Burhan Qurbani voulait adopter le point de vue d’un homme venu d’Afrique. Le cinéaste est lui-même issu d’une minorité, la communauté afghane. "A Berlin, il y a énormément d’immigrés de pays arabes visibles et plutôt bien intégrés, ce qui n’est pas forcément le cas des immigrés africains. Je voulais mettre l’accent sur la parole de l’un d’entre eux. Francis est le visage mais également la voix et l’histoire de tous ces hommes venus d’Afrique. Berlin Alexanderplatz n’est pas tant un film sur les réfugiés mais plus un récit sur les conditions qui poussent ces immigrés à quitter leur pays", raconte-t-il.

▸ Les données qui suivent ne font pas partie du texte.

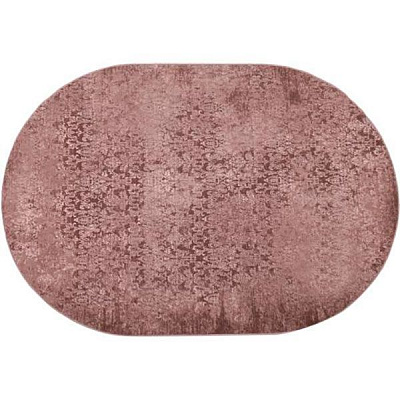 Килим Moldabela Vintage 7010-2-50977 2x3 м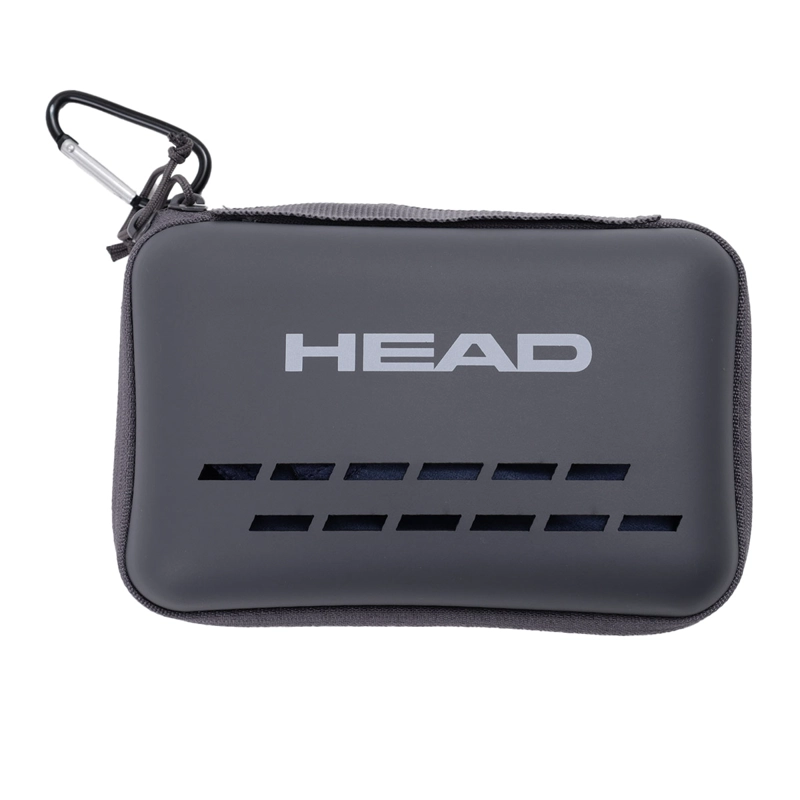TOALLA DEPORTIVA HEAD GYM - 2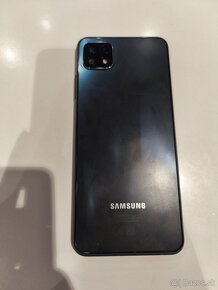 Samsung Galaxy A 22 4/64 GB - 2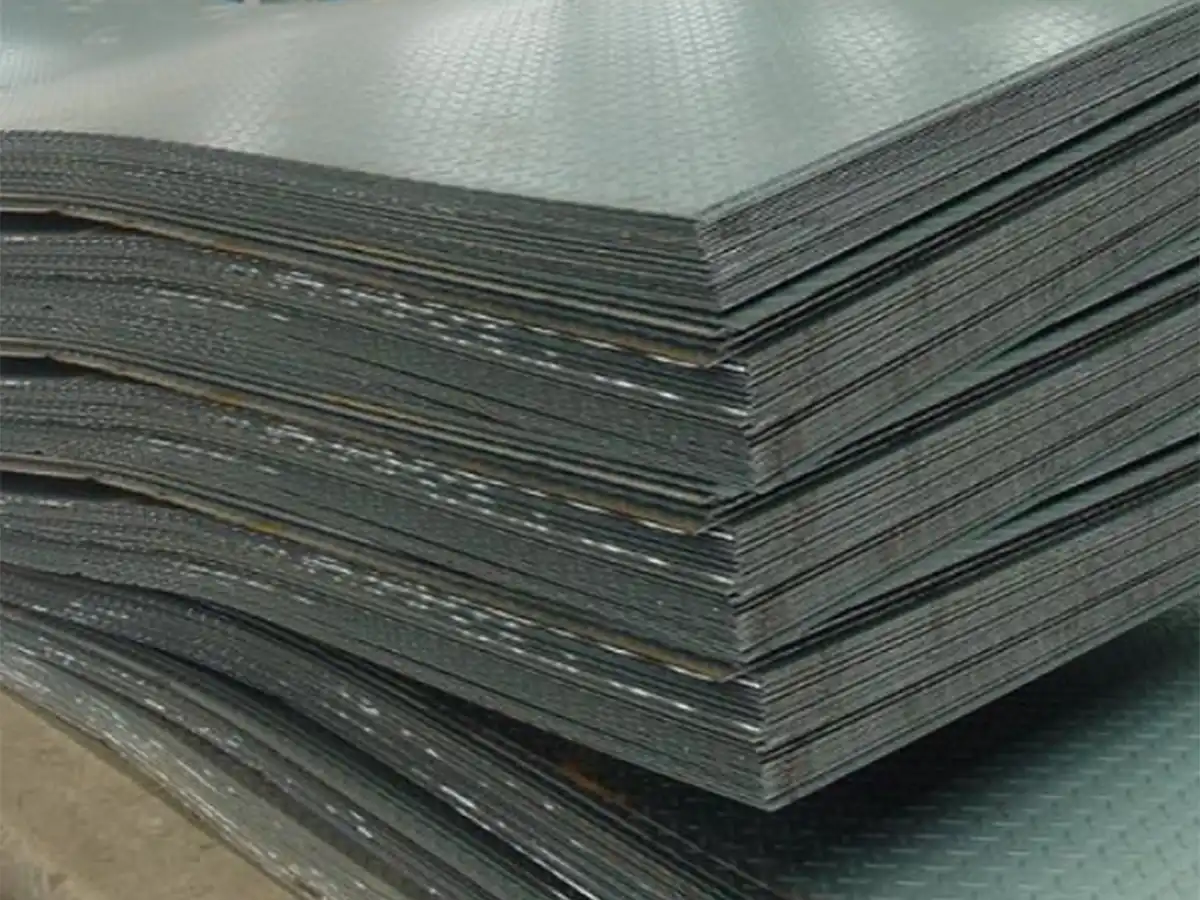 camasteel-checkered-plate-2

Par le passé, il y a eu deux autres adaptations du roman d’Alfred Döblin : Berlin Alexanderplatz (1930) de Phil Jutzi et Berlin Alexanderplatz (1980) de Rainer Werner Fassbinder, une série de 14 épisodes. "Dans les années 1930, Berlin représentait une ville qui figurait l’échange et l’excès. Dans le roman d’Alfred Döblin, la ville est représentée comme une Babylone moderne. Elle symbolise la lumière mais également l’obscurité. Et tous les nouveaux arrivants peuvent ressentir cette énergie et ces ténèbres", confie Burhan Qurbani.

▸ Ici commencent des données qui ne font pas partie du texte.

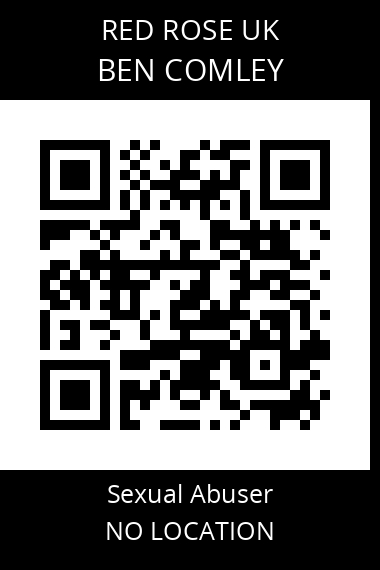 QR code for ben-comley-uie1ff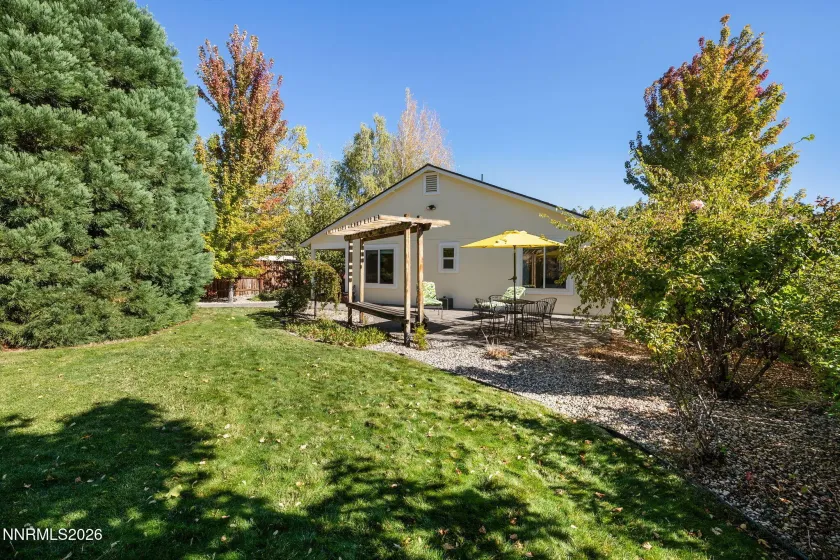 6860 Sonterra, Reno, Nevada 89523, 3 Bedrooms Bedrooms, ,2 BathroomsBathrooms,Residential,Residential,Sonterra,0,260013103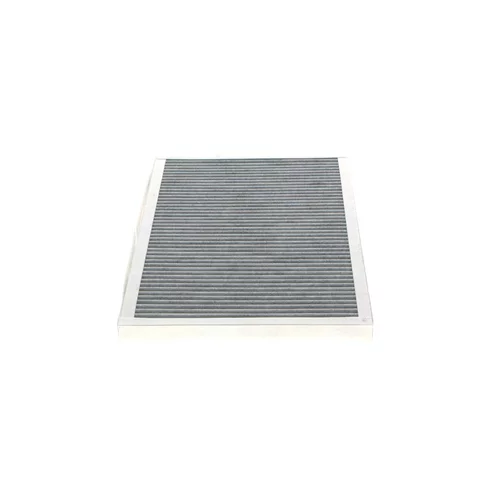 Filter vnútorného priestoru 1 987 432 333 /BOSCH/ - obr. 1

A l'origine, Burhan Qurbani comptait choisir un acteur non-professionnel pour incarner Franz. Mais la complexité inhérente au personnage l'a finalement poussé à prendre un comédien professionnel. Il se rappelle : "On a cherché dans plusieurs pays, sans succès. Puis, en 2017, ma directrice de casting, Susanne Marquardt, a vu le film brésilien Joaquim, en compétition à la Berlinale. Welket Bungué y tenait un rôle secondaire. Susanne m’a suggéré son nom même si je n’étais pas forcément convaincu de ce choix car assez éloigné de la description du personnage de Franz dans le texte d’Alfred Döblin. Lorsque j’ai rencontré Welket pour la première fois, ce fut comme une évidence."
Dascha Dauenhauer a signé la musique du film en s'inspirant de Wagner. "Il fallait quelque chose qui fonctionne avec des thèmes, des motifs et des leitmotivs. Un peu comme un opéra finalement", explique Burhan Qurbani.

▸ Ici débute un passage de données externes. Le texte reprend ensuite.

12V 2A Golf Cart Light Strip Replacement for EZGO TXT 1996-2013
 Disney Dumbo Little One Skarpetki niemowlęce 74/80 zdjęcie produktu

Burhan Qurbani connaît Jella Haase, qui joue Mieze, depuis des années. Pour ce rôle, le metteur en scène cherchait une actrice capable d’incarner une femme-enfant, avec un mélange de sagesse et de naïveté. Albrecht Schuch, interprète de Reinhold, "avait déjà en lui ce vide sombre et cette colère mystérieuse. Deux éléments indispensables du personnage. Comme c’est le cas avec Jella, il joue la carte de la dichotomie puisqu’il interprète un homme aussi épouvantable que fascinant", confie le réalisateur.
Burhan Qurbani explique au sijet du roman : "Parmi les textes fondateurs de la littérature allemande du XXème siècle, il figure en bonne place. Berlin Alexanderplatz d’Alfred Döblin n’est pas aisé à définir. Ceux qui voudraient se dérober à l’exercice parleraient de roman à tiroirs. Car ici, les intrigues sont multiples. L’histoire de la sortie de prison de Franz Biberkopf, criminel ayant purgé une peine pour l’assassinat de sa femme, n’est que le point de départ d’un terrible engrenage dans lequel le personnage va se retrouver entraîné. Et le lecteur avec. Plus qu’un roman, le texte d’Alfred Döblin fait penser à une série. Il est d’ailleurs structuré comme tel avec ces différents chapitres"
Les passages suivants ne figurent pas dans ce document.